[Web page caption snippets]
= Beginning of Section =
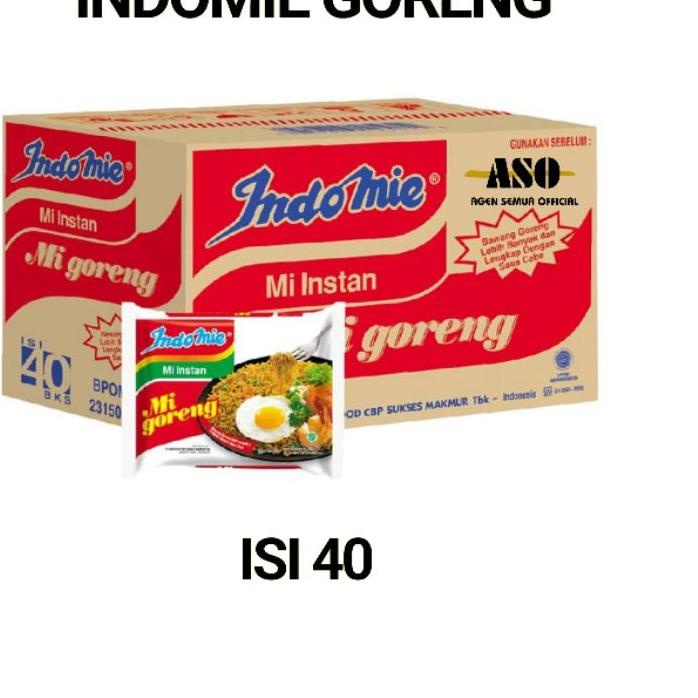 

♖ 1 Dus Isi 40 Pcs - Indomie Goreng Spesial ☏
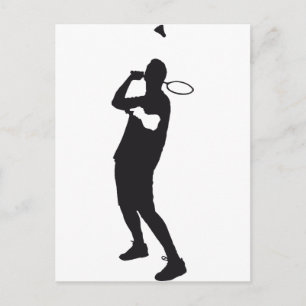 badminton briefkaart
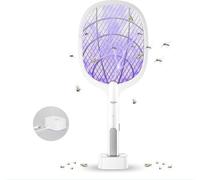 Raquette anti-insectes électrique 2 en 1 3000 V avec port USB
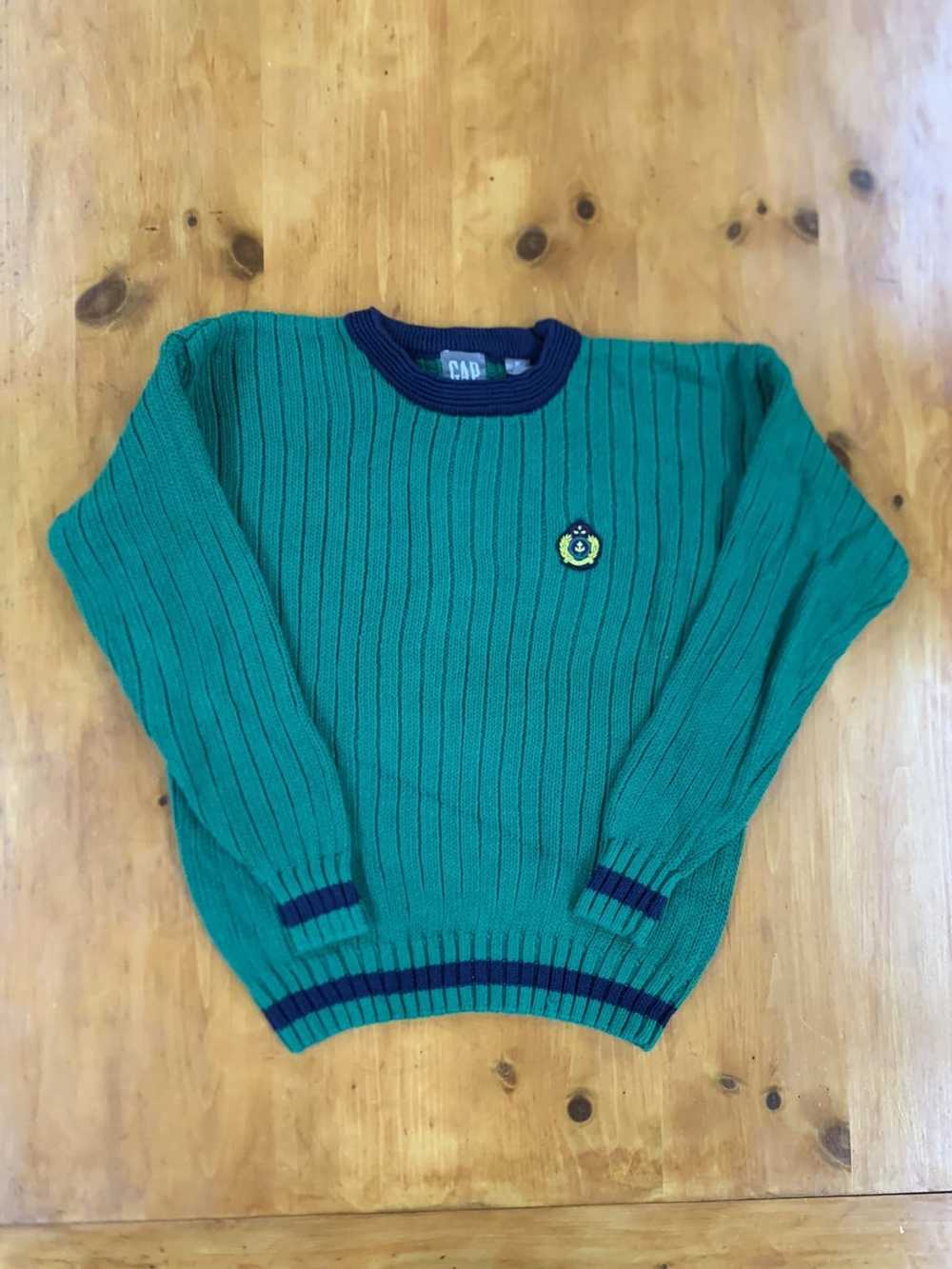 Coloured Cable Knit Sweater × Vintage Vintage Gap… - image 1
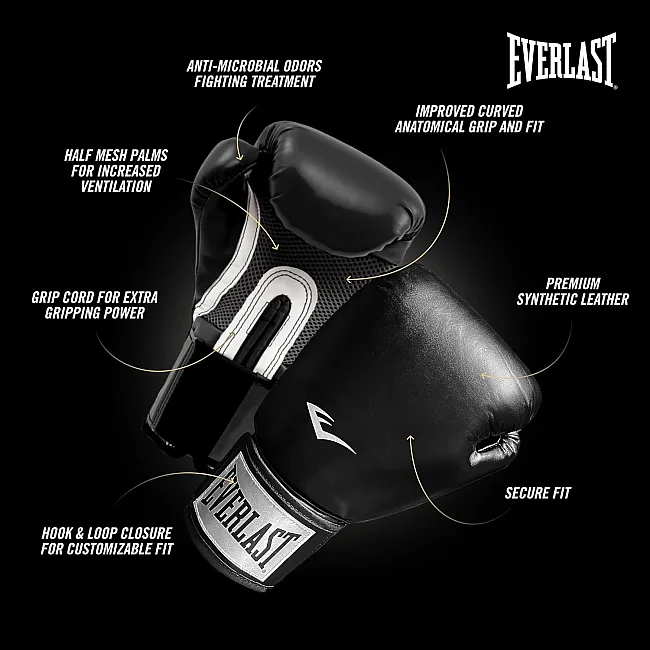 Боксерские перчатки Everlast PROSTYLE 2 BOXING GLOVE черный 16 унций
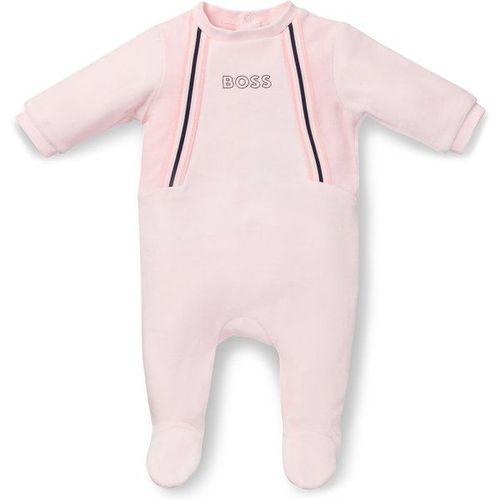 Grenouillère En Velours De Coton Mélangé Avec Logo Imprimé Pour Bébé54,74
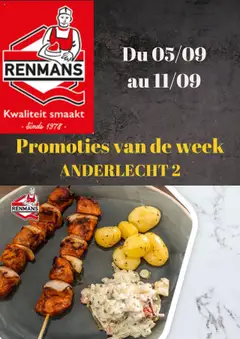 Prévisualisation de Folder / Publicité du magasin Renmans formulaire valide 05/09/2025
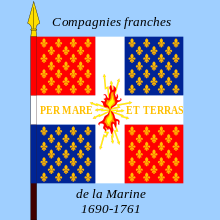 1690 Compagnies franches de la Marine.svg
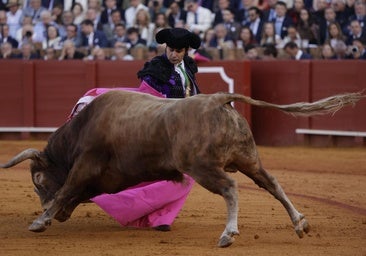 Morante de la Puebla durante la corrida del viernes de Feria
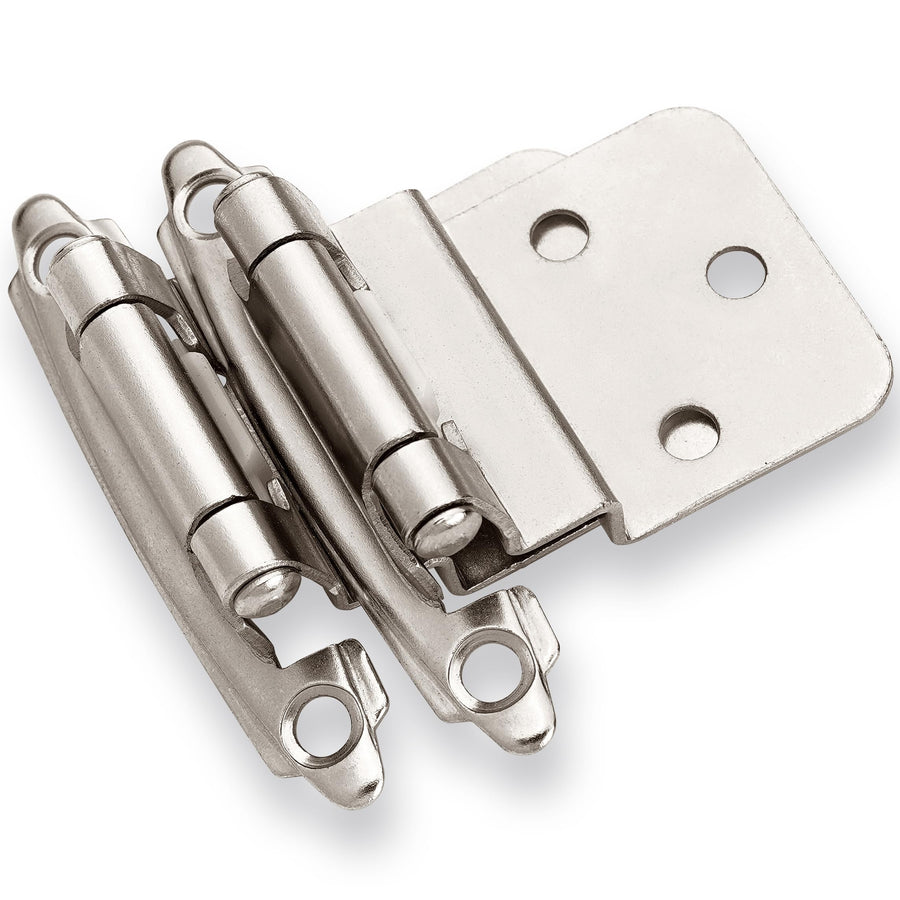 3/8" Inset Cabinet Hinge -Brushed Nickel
= End of Section =
**Assigned task:** Write out exactly the lines from the line holding "Prévisualisation de Folder" through the last line of the records above, inclusive, and nothing more. Leave out the pictures.

**The completed task:**
 Prévisualisation de Folder / Publicité du magasin Renmans formulaire valide 05/09/2025
 1690 Compagnies franches de la Marine.svg
 Morante de la Puebla durante la corrida del viernes de Feria
 3/8" Inset Cabinet Hinge -Brushed Nickel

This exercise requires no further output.